Um 09:30 Uhr wurden die FreiwilligenFeuerwehren Tulln-Stadt, Langenlebarn und Kleinschönbichl zu einem Technischen Einsatz der Alarmstufe 3 "Menschenrettung (mehrere Personen) auf der Donau - 3 Boote treiben ab, mehrere Personen im Wasser" alarmiert. Übungsanahme war die Kollision mehrere Wasserfahrzeuge, welche manövrierunfähig wurden. In Folge des Zusammenstoßes gingen 5 Personen (dargestellt durch Holzpuppen) über Bord.

Um die Übung möglichst realistisch zu gestalten, wurden die üblichen Alarmwege und Ausrückezeiten simuliert. Zwei Arbeitsboote und zwei Feuerwehrrettungsboote der beteiligten Feuerwehren führten gemeinsam mit dem Schlauchboot und den Rettungsschwimmern der Wasserrettung die Menschenrettung durch. Anschließend wurden die treibenden Boote gesichert und im Gästehafen Tulln verheftet.

Im Mittelpunkt der Übung stand die Zusammenarbeit zwischen den Feuerwehren und der Wasserrettung sowie die Koordination zwischen Wasser- und Landkräften. Besonders wurde die schonende Rettung der Verletzten sowie die Übergabe von den Booten an Land mittels Drehleiter oder Steckleitern beübt.

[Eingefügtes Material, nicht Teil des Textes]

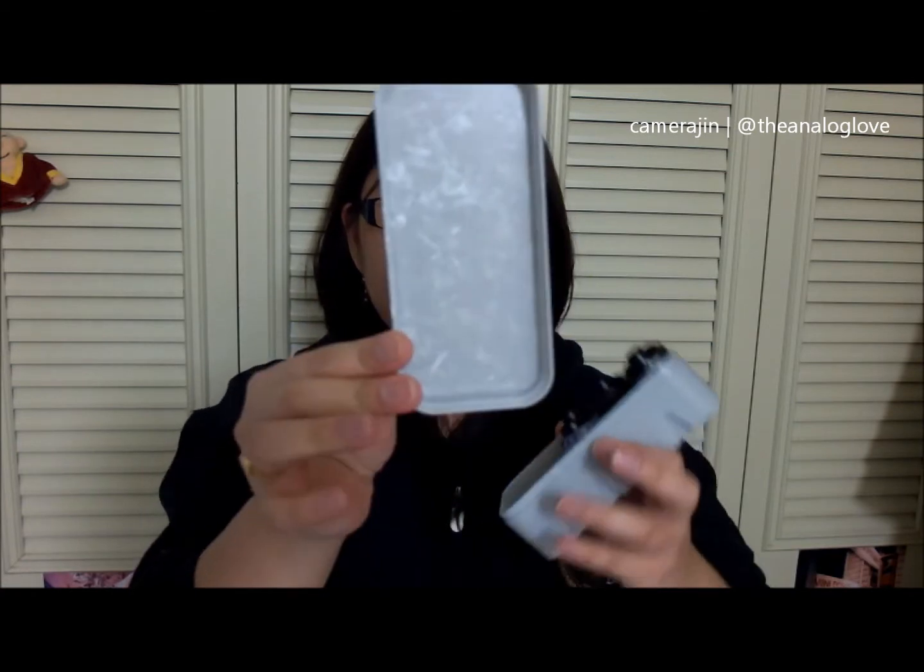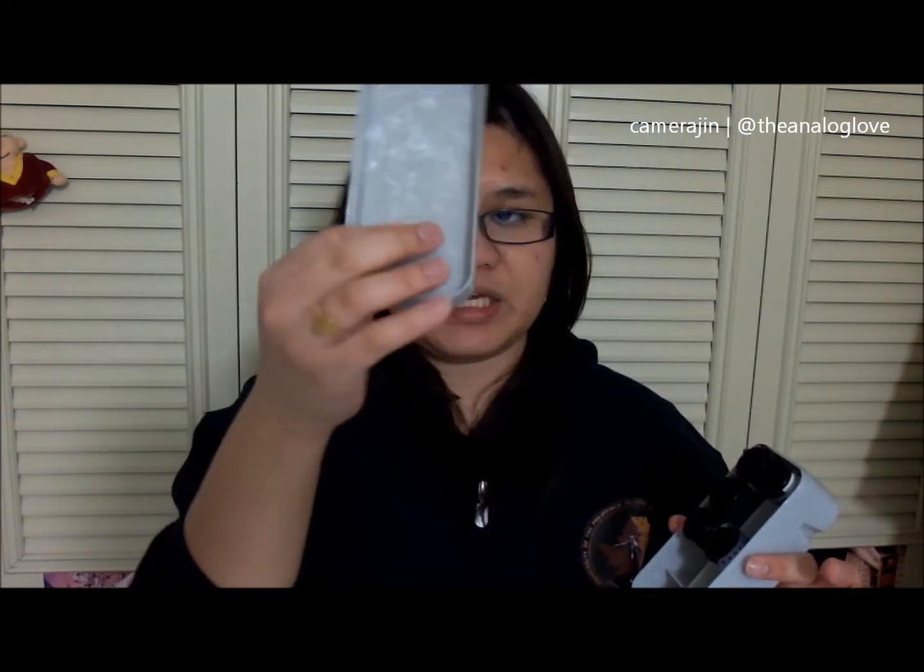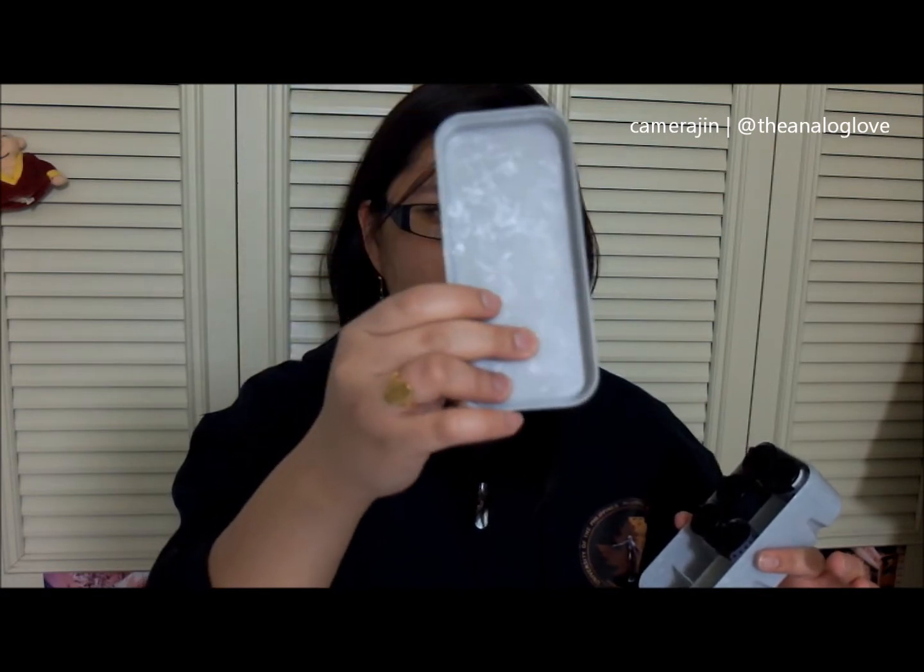The plastic is kind of thin to the feel, and if you actually put this against the light you can actually see through the thin material. So I'm not sure how durable this is.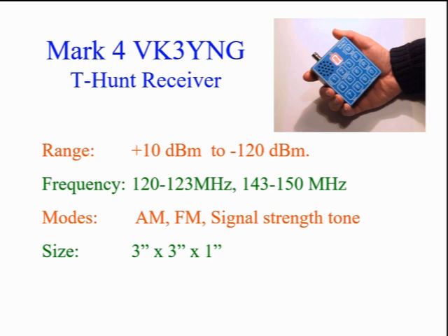Here we see the gold standard of transmitter hunting: the Mark IV receiver from VK3YNG. It combines a VHF receiver, attenuator, range selection, and advanced signal processing. It costs about $180 and makes life much easier. It still uses a Yagi antenna, but does all the sensitivity adjustments.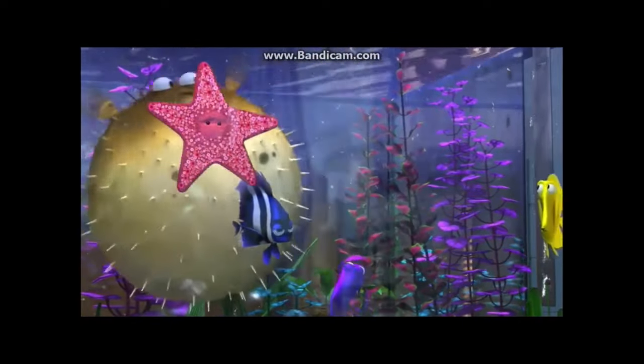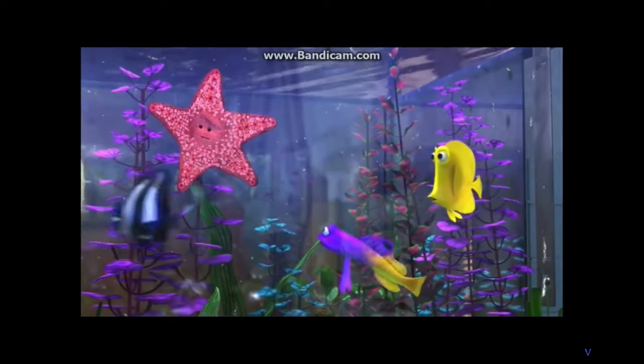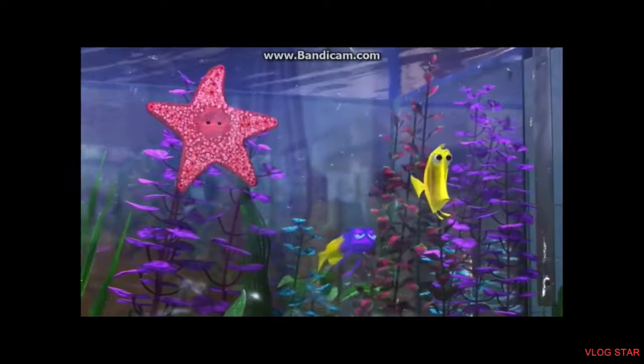There I go. Little help. Over here. I'll go deflate him. All right. Go ahead and rinse.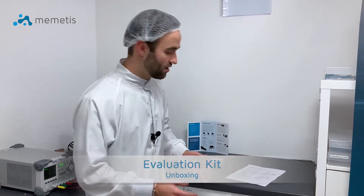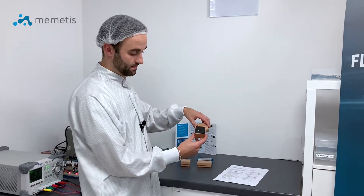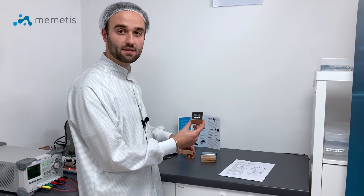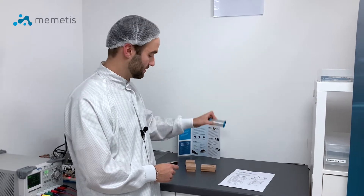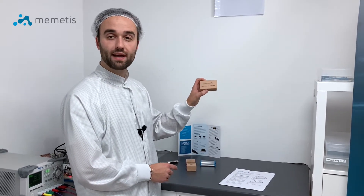The kit consists of a user manual, a miniature valve, a fluidic adapter which allows quick installation of the valve within your fluidic system, an electrical control unit to control the valve, and necessary supplies such as sealing or cables.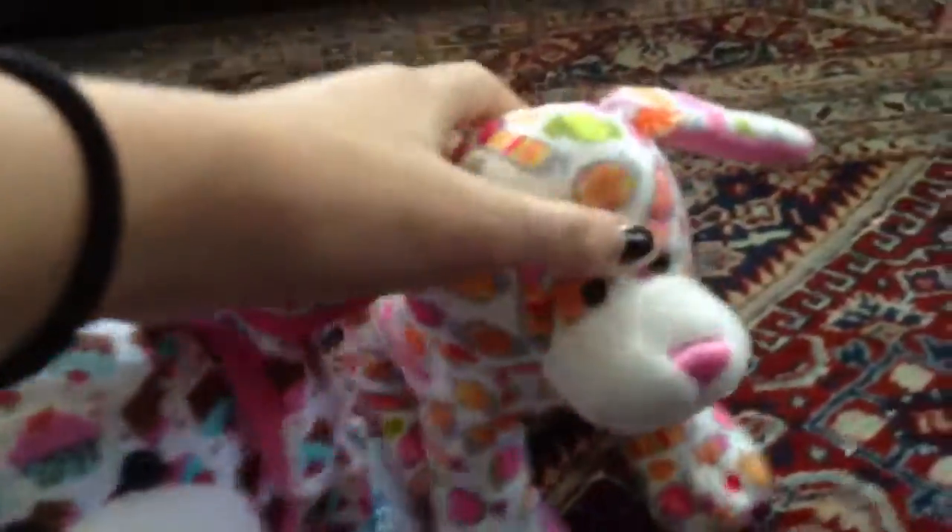I will admit the newer puppies — like the Peace and Love Puppy, Cupcake Puppy, Candy Delights Pups — are way too stiff. And Sweetheart Pup especially, like you can't even — they're way too stiff.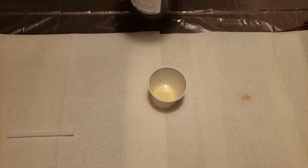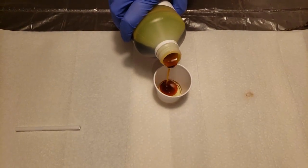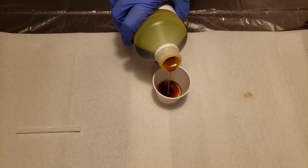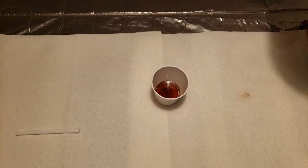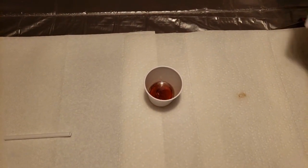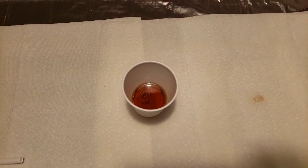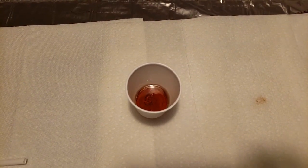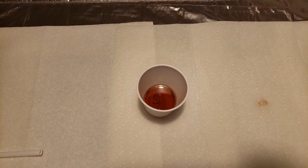Here is part B to our foam lab. You can see it's a different color — it's a much darker dark brown. We're going to put about the same amount in as we put in part A. It is much denser, which is why it sinks to the bottom, and it is very syrup-like, very thick, and viscous.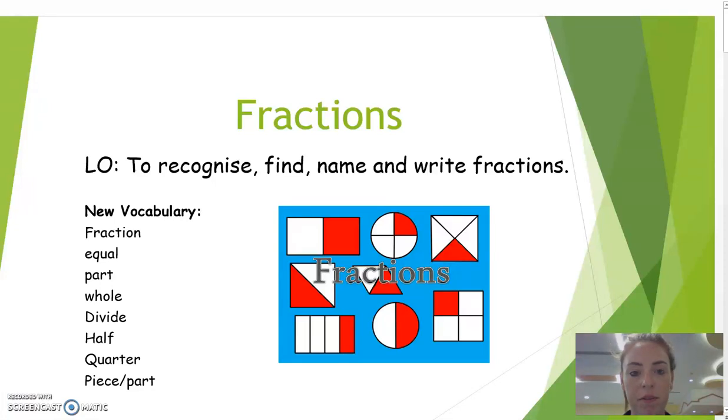This week, people are going to know their fractions, which are going to be recognized on community-like sections. The needs of fractions are: fraction equals whole, divided, half, quarter — each of the parts.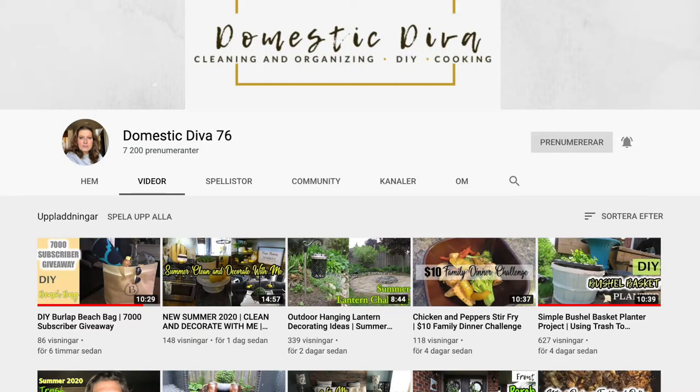Hi everyone, welcome to Marika Creation. Today I am participating in a challenge called the DIY challenge, hosted by Sonia at Domestic Diva 76. She's an amazing lady with fabulous DIYs — jump on over to her channel after this video. I will leave a link to Domestic Diva 76 in the description box below along with a link to the playlist of this challenge.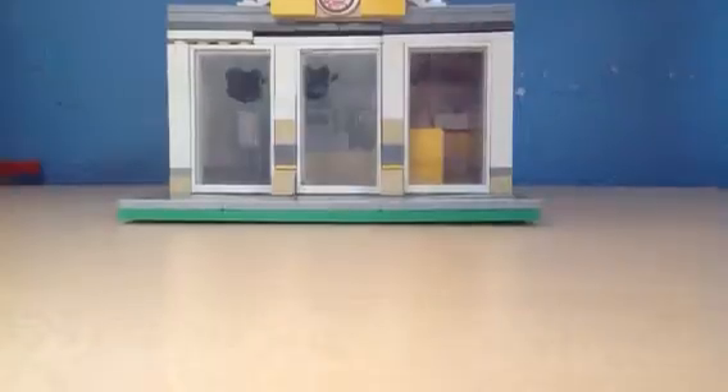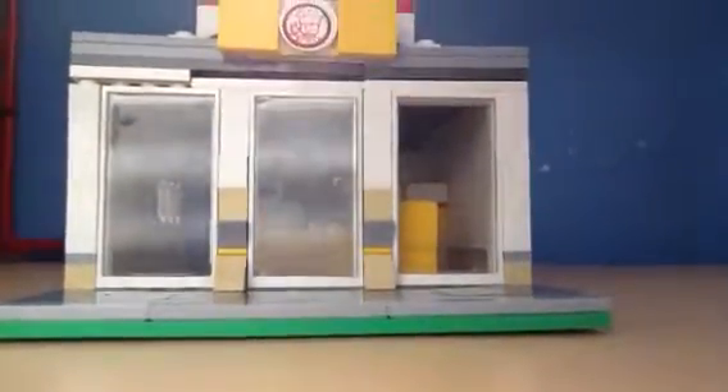As you can kind of see the inside, the windows are flat, but you can kind of see inside, and the roof does pop off.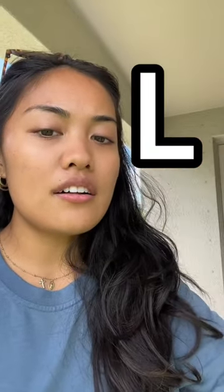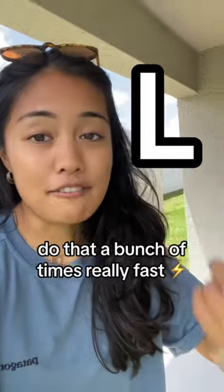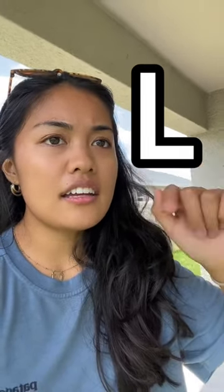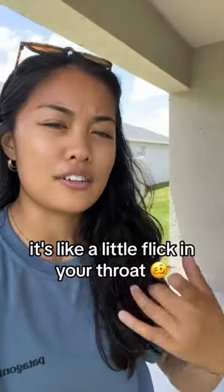Try the singing tip. Take the letter L. Do that a bunch of times really fast — L, L, L. It's like a little flick in your throat.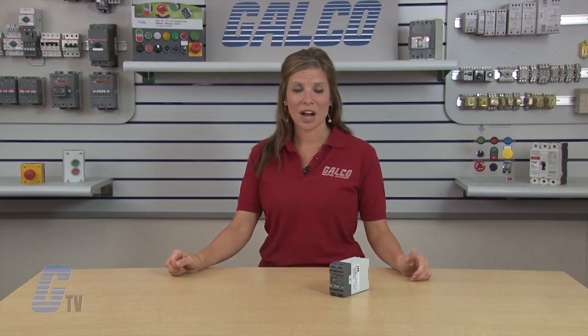ABB's Safety RT7 safety relays, along with thousands of other products and services, are available at galco.com.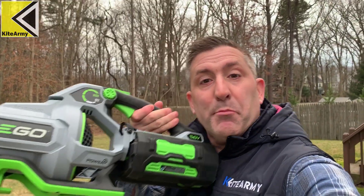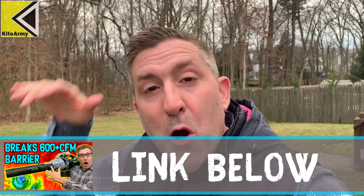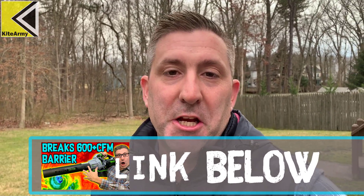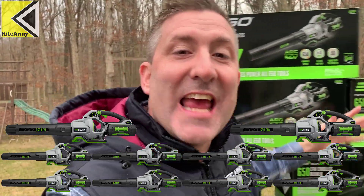Welcome back everybody, my name is Andrew and this right here is Kite Army. I've got something to confess — I used to be one of those channels that only had one cordless tool to test at a time. A few weeks ago I tested this brand new Ego 650 CFM 180 miles per hour cordless handheld blower. It's the most powerful cordless handheld blower ever made. Having one was great, but having 10 is even better — I've got 10 of these blowers now.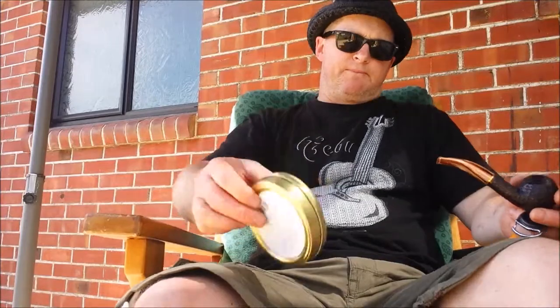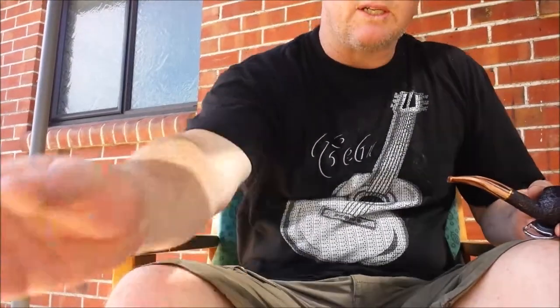As far as tin note on this, it's raisin and bready is what I get. There are obviously hay-like qualities in there, but for the most part the predominant one for me is that sort of raisin bread smell coming through.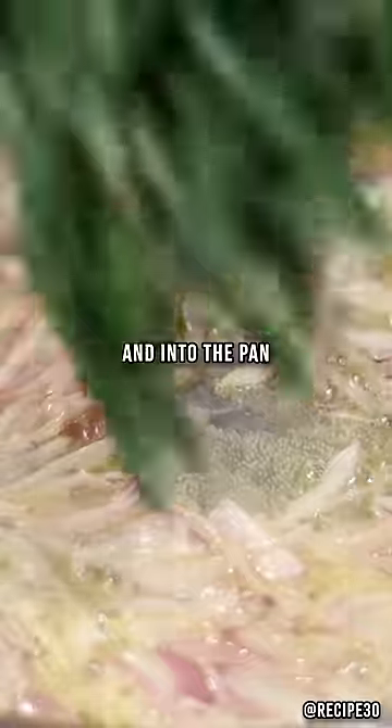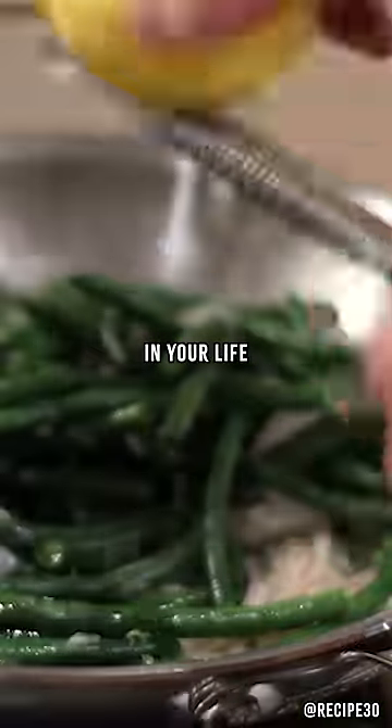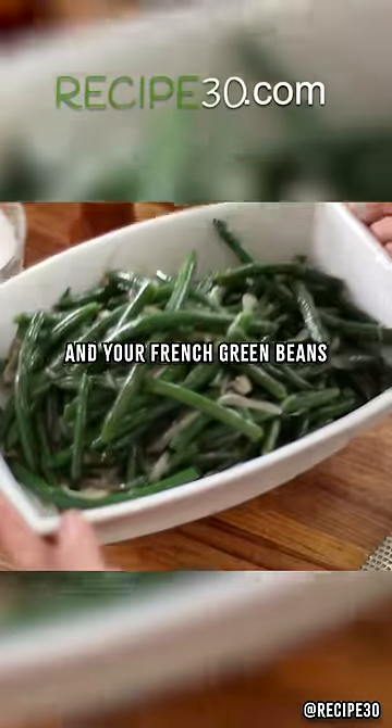Scoop them out and into the pan. Toss them until coated. Now grab yourself a lemon and grate a little zest in your life. Some salt and pepper and another good toss. Place in a warm dish and your French green beans are served.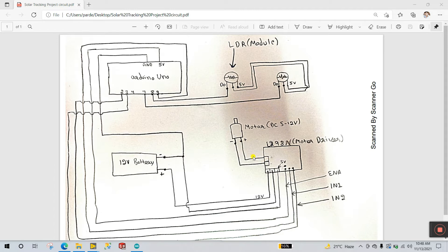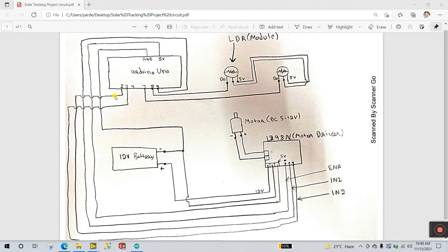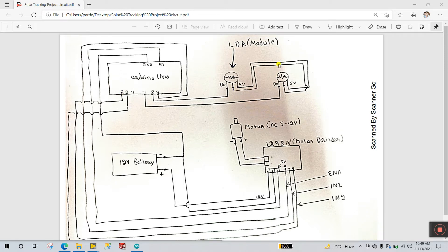For the motor driver: the first terminal — connect the motor directly, positive to positive and negative to negative. The three-pin block: 12V battery positive goes to the first pin, GND goes to the center pin (connect negative there), and the signal terminals go to the Arduino. The last pin is 5V — connect 5V from your Arduino. ENA is for speed control; IN1 and IN2 control motor direction. Everything is connected step by step — pin numbers 2 and 3. Remember to connect 5V and GND from the LDR modules to Arduino as well.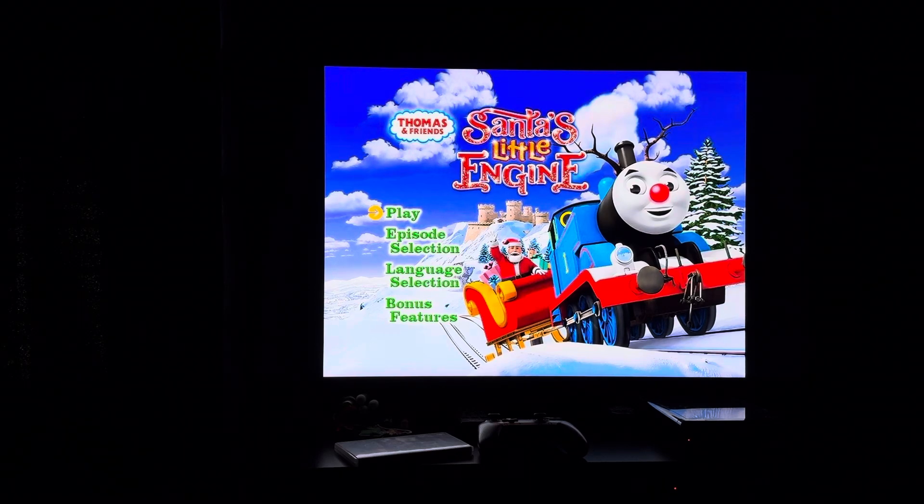Hey everyone, Doodle Pops for the Win here. Today I'm going to do another DVD menu walkthrough. This time it's the 2013 DVD of Thomas and Friends, Santa's Little Engine.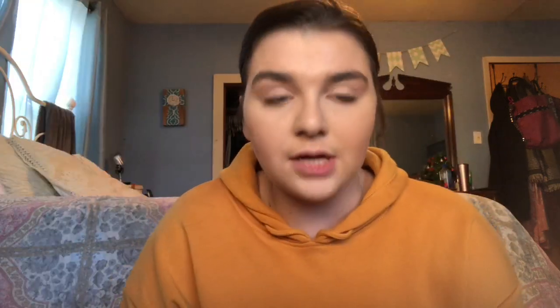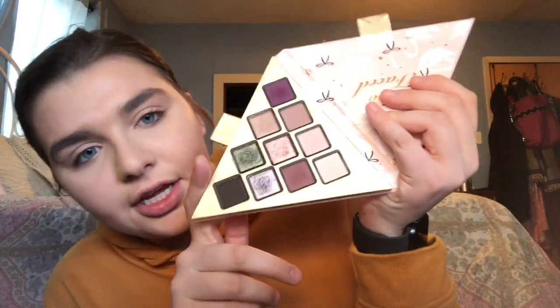Let's get started. I'm gonna start with the eyes. This is what the colors look like — they're really pretty, I love them so much. And then there's another part of the palette. Look at those colors, very beautiful, very pigmented.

Von Seiten der Stadtmeinde Tulln verfolgten Stadträtin Susanne Stöhr-Eißert, u.a. zuständig für die Feuerwehren der Stadtgemeinde Tulln, sowie Stadtrat Mag. Franz Xaver Hebenstreit, u.a. zuständig für die Wasserrettung das Übungsgeschehen. Bezirksfeuerwehrkommandant OBR Christian Burkhart und Bezirksfeuerwehrkommandant-Stellvertreter BR Dominik Rauscher konnten sich von der Schlagkräftigkeit der Einsatzkräfte überzeugen. Der Wasserskiclub Tulln unterstützte die Übung mit einem Motorboot zur Lagedarstellung.